Saturday, December 24, 2011

Merry Christmas Eve

Oh the excitement in this house today...I wish every home could have this much joy! The children all had another sleepover in the playroom (cutest thing ever) and this morning they were all so eager to tell us that today is Christmas Eve! We (me...untraditional mama...) have become a family of traditions and there's no way out ;) The kids remind us of all the fun family traditions we have and ... they are special. Today Daddy made us brunch. Woah...we'll take that tradition any time...! ;) He made a big egg casserole and we can't eat it without thinking of his mom. Dec. 22 was 4 years since that day when we watched Mom / Grandma take her last breath. What a surreal moment... it all happened so fast.

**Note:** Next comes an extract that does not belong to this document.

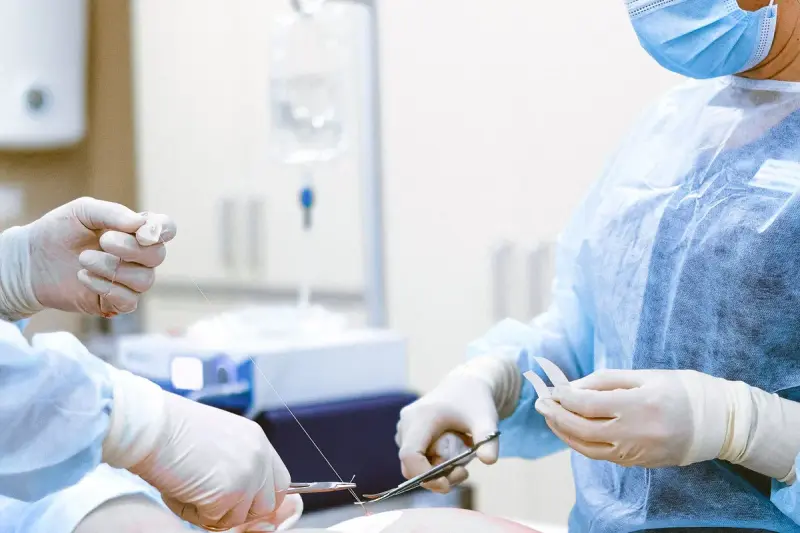 Gloved hands of two surgeons holding a needle holder and suture during a procedure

We couldn't even get our sleepless minds around what was happening...and then it happened. And we were left dumbfounded, stunned...and yet with peace. Mom was spending Christmas with Jesus...her first of many. We talk about her often...we don't even want our children to forget who she was and how much she loved them all. We know she would be completely over the moon with Chazano and Zunduka....and Zihao and Taizi. She never met Azahria...and of course Izrael. I had only announced a little baby girl was on the way 2 days before Mom passed away...she loved her grandkids. Tirzah (just 4 years at the time) still talks about putting a rose on Grandma's white coffin at the funeral...and Zion talks about different memories he has as well (he was 2.5).

Today we are watching Herbie...yes...Herbie. I reluctantly gave in...and reluctantly laughed. A lot. ;)

Tonight the tradition of a chocolate fondue DINNER (yes...dinner). Tirzah is so excited about this ... we have marshmellows, strawberries, pineapple, bananas, cheesecake...

And then the opening of Christmas Eve Jammies ;)

Christmas day is like a Procopio Christmas day. Yes...I guess I secretly liked the scheduled form of the day growing up. Breakfast...clean up the kitchen...THEN sit down together and open presents. It's usually about 10-11am before we start.

Christmas. It actually gives me chills when I put myself back in time and imagine hearing the news that Mary's child was born...Jesus...God became man. Time literally stood still...Heaven stood still...and watched...as the Creator became one of us...the created. Out of the darkness....Light. Out of the gloom...Hope. Promise was born that day.

Merry Christmas. I... am so glad ... He came. If He wasn't born...He couldn't have died. If He didn't die...I would be without Hope. Because He died...I am free.